Fire was my gift. My inheritance.

I readied my stance, preparing to unleash the fury inside me.

The hound spoke. Its voice was guttural, deep, and bone-jarringly ancient. “Puny Druid. No match for me.”

I didn’t respond with words. I raised my palms and thrust them toward the hound, unleashing the fire that raged inside me. The stream of red-orange flame was a torrent of heat.

But it never touched the hound; its reflexes were too fast. As soon as the fire left my fingertips, it sprang into the air and soared above me. The muzzle that descended was a snarling, twisted mass of hate, the canines viciously sharp and ferocious.

Its enormous paws hit my chest, and I fell backward onto the damp grass. The air whooshed out of my lungs as the weight of the beast pinned me to the ground. I felt its long claws latch and hold onto the skin under my leather jacket, tearing in deep, lethal slices. Ignoring the pain, shutting off the receptors in my brain, I threw my body sideways, away from the muzzle that sought to latch onto my throat and tear into my jugular.

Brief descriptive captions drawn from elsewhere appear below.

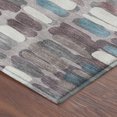 thumbnail image 3 of Addison Rugs Mayfield Premium Machine Washable Transitional Abstract Blush Rectangle Rug, 9' x 12', 3 of 6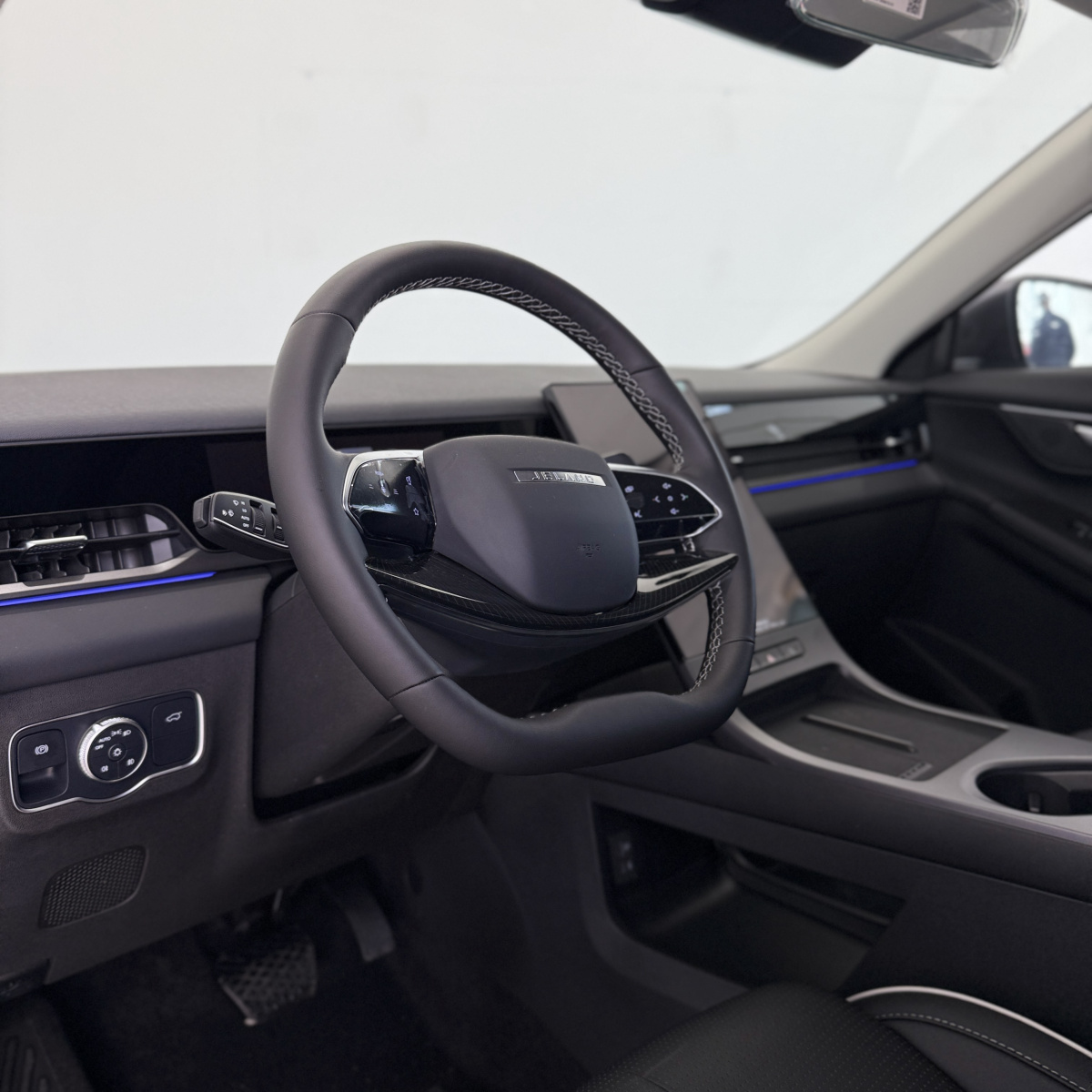 JELAND J6 1.6 AMT (150 л.с.) 4WD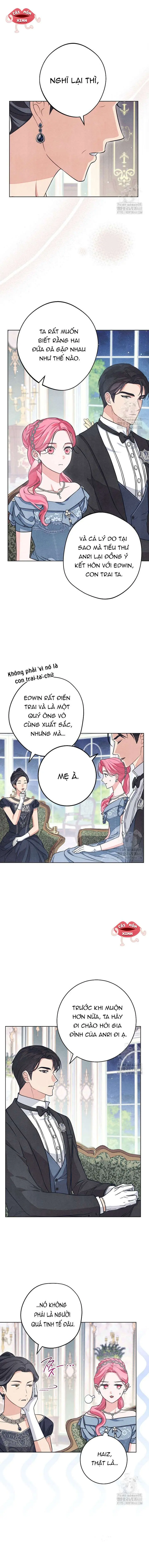 Nỗi Ám Ảnh Dành Cho Công Tước Phu Nhân Chapter 11 - Trang 7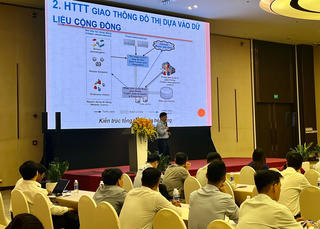 TP HCM: Nhiều phương pháp thu thập dữ liệu giao thông mới có thể đưa vào thực tiễn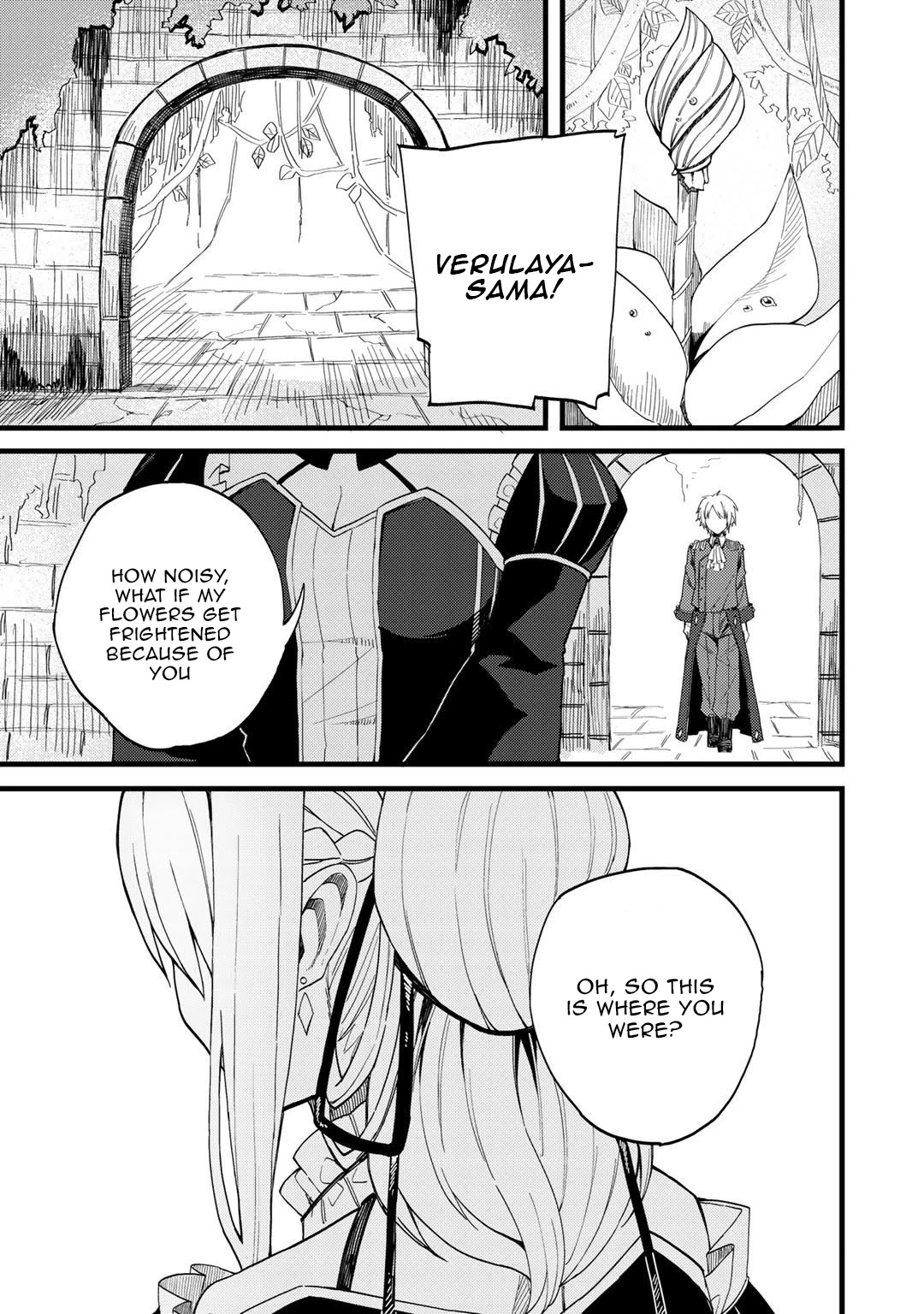 Dorei Shounin Shika Sentakushi Ga Nai desu Yo? ~Harem? Nani sore oishii no?~ chapter 22 page 22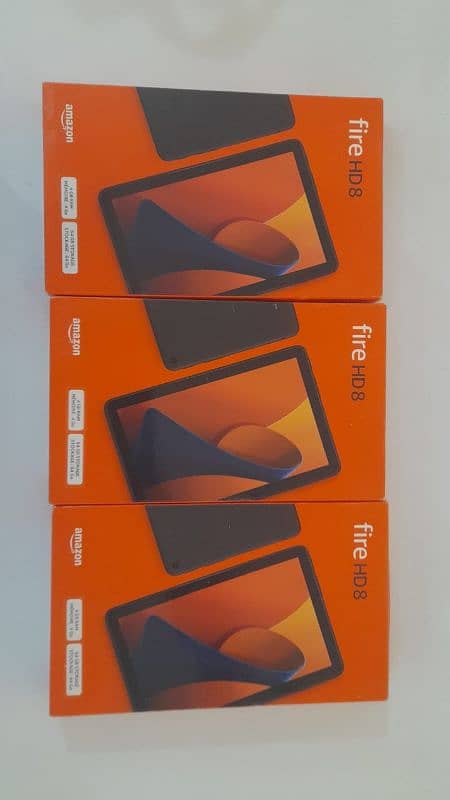 Amazon Fire Tablets and Amazon Kindle Tablet 11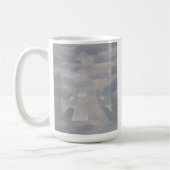 Donnervogel Kaffeetasse (Links)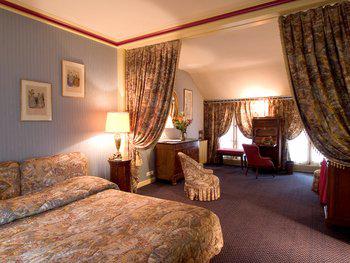 Hotellerie du Bas-Breau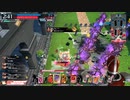 w特技は草を生やすことですw 草69本目 vs サンド
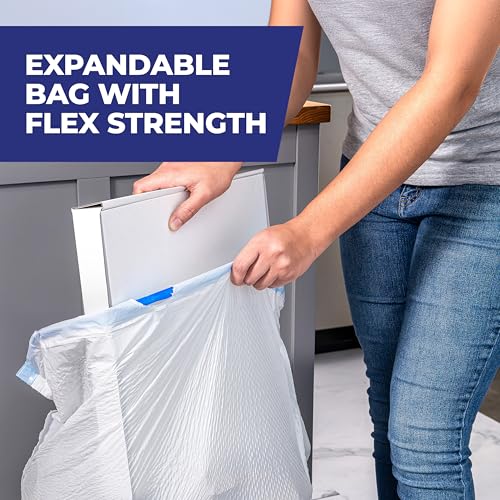 25% Off Hefty Ultra Strong 13 Gallon Trash Bags, 80 Count - Image 6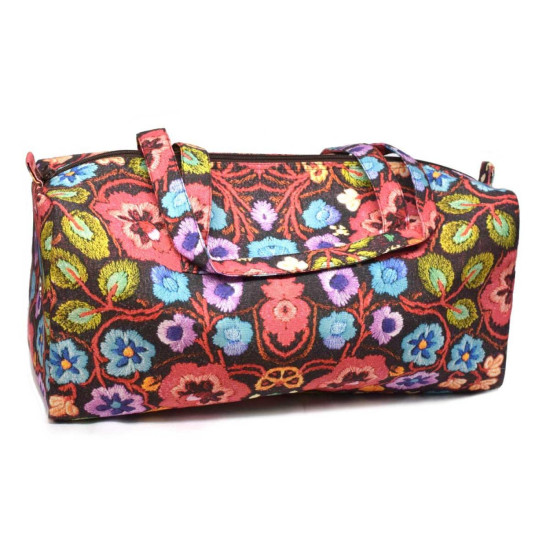 Bolsa de labores flores...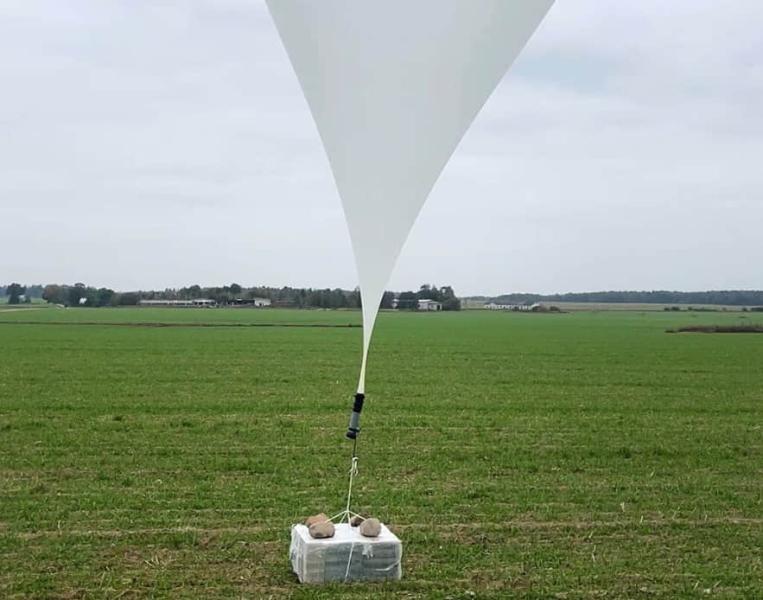 Литва в 2026 році затримала свою першу партію контрабандних сигарет, які прибули з Білорусі.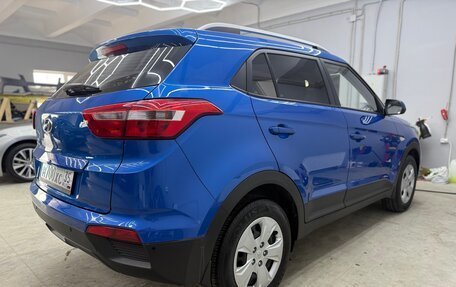 Hyundai Creta I рестайлинг, 2020 год, 2 099 000 рублей, 4 фотография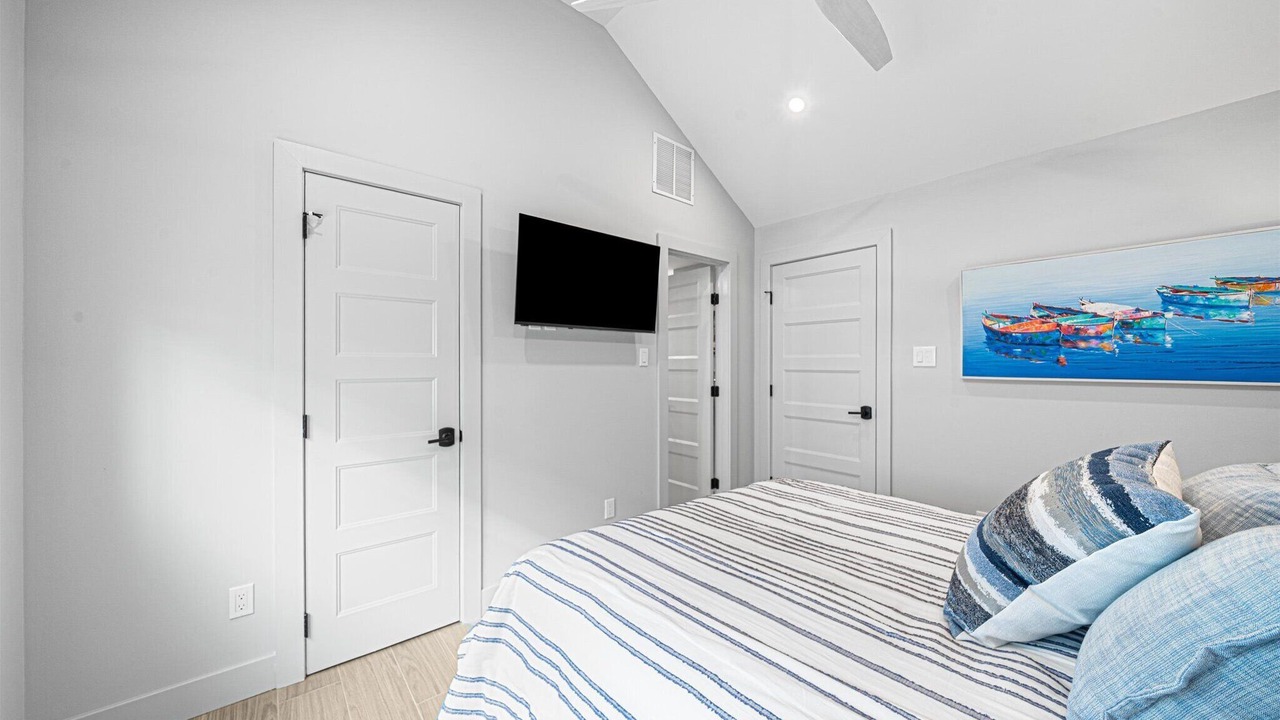 Photo of Bedroom in Stone Harbor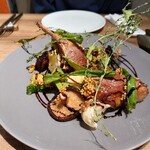 ビストロ ドゥーブルオーンズ - 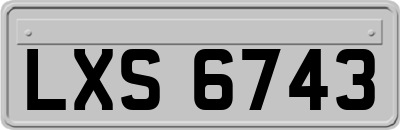 LXS6743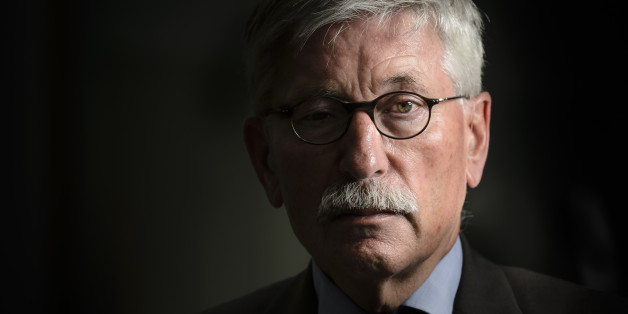 Buchautor und Ex-Politiker Thilo Sarrazin ist der Meinung, dass der Euro jederzeit platzen könnte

At the same time, I slammed my hands into the beast’s sides and channeled into its body the heat I’d created.

The hound howled in rage, but there were lashings of pain in that noise and I could smell the unforgiving stench of burnt fur. Using the distraction of its pain, I wrenched myself out of its grasp and rolled to my feet, ignoring the pull of cut sinew above my right pectoral.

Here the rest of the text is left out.